At a police-hosted talkback session on Thursday, Janet Kurbis, an East Hampton homeowner, claimed that she had contacted the department when she found the pumpkins from her curbside Halloween display mutilated on her driveway and received a chilly response.
“The officer wanted to know why I was leaving pumpkins by the side of the road!” explained an outraged Kurbis to the talkback committee. “The officer said to me that if I insisted on leaving my pumpkins unprotected in a semi-public place, then I should expect them to get smashed. Then she hung up the phone! I was totally astonished.”
Hamptons Police spokesman Larry Hirsch, who was presiding over the talkback, took the opportunity presented by Kurbis’s complaint to detail the Hamptons Police new, experimental crime fighting policies.

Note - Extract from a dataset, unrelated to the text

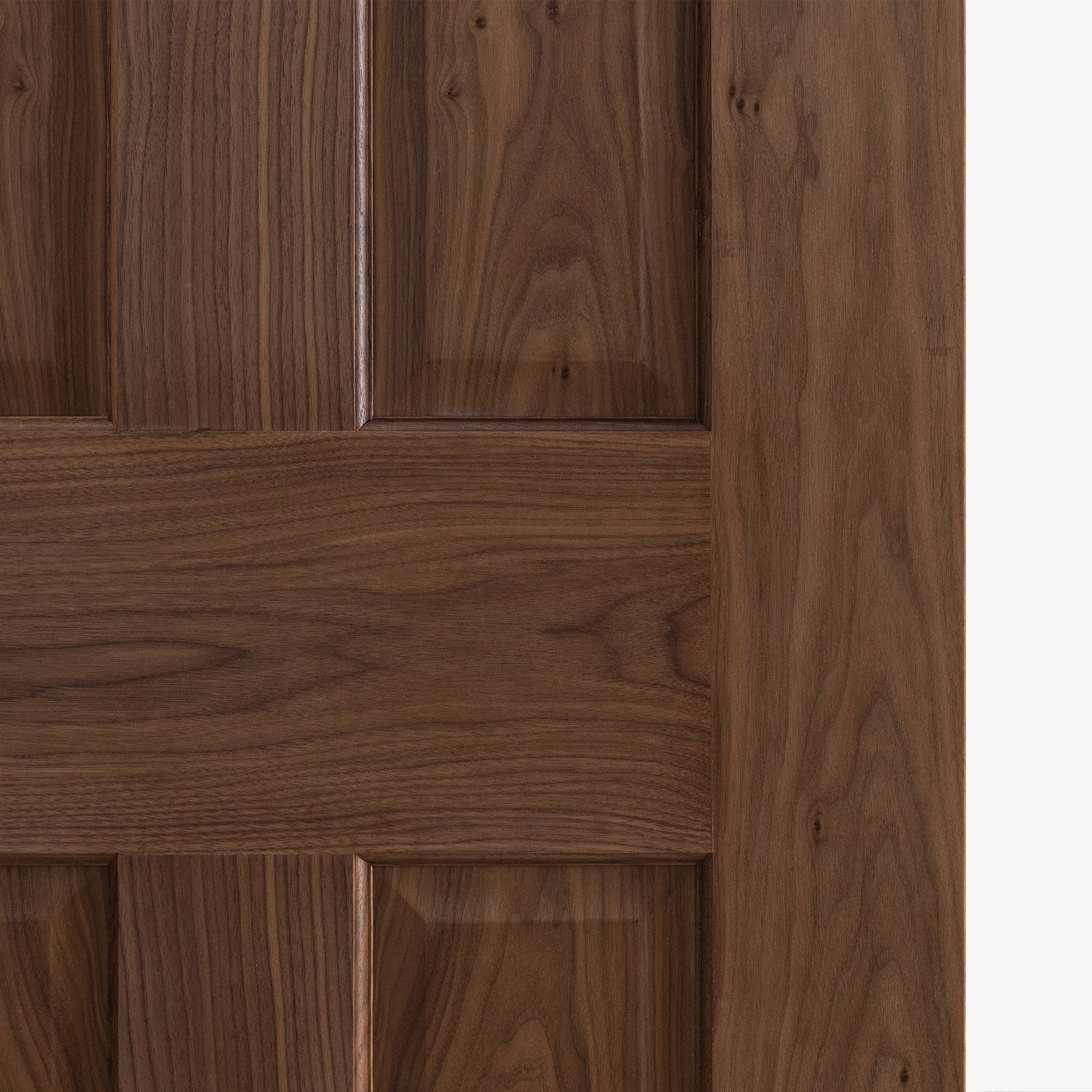 Internal Walnut  Fully Finished 4 Panel Victorian Door (117102)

“Our strategy in dealing with the pumpkin smashing was a kind of a trial run for what we see as a new technique,” Hirsch explained. “For too long, people have been overly reliant upon the police to respond to wrongdoing. What this has meant is that people go about their day-to-day business in a completely unprotected manner, feeling that the police will come to their rescue if anything should happen. This has meant an incredible expending of resources—time, energy, money, training—on our part when a lot of what we do is dealing with problems that could easily have been prevented.”
According to Hirsch, the police inaction on pumpkin smashing was just a preview of a future of inaction on multiple fronts.
“We’re calling it Operation Kickback,” said Hirsch. The object, according to literature distributed at the talkback, is to train the public to take responsibility for avoiding crime. “It’s pretty simple, really. Just as you wouldn’t be wise to venture down a dark alley in a dangerous part of town, so you wouldn’t be smart to leave your car unlocked. This will train people to be smarter about avoiding crime.”
Operation Kickback takes the idea of crime prevention one step further than similar programs by removing the police from the equation. “From now on, if your car gets stolen, that’s on you. There’s a lot of ways to avoid that happening, after all.”
Participants in the talkback accused the Hamptons Police of adopting a “blame the victim” mentality, but Hirsch scoffed at the notion. “Smart people don’t become victims,” he said, and brought the session to a close.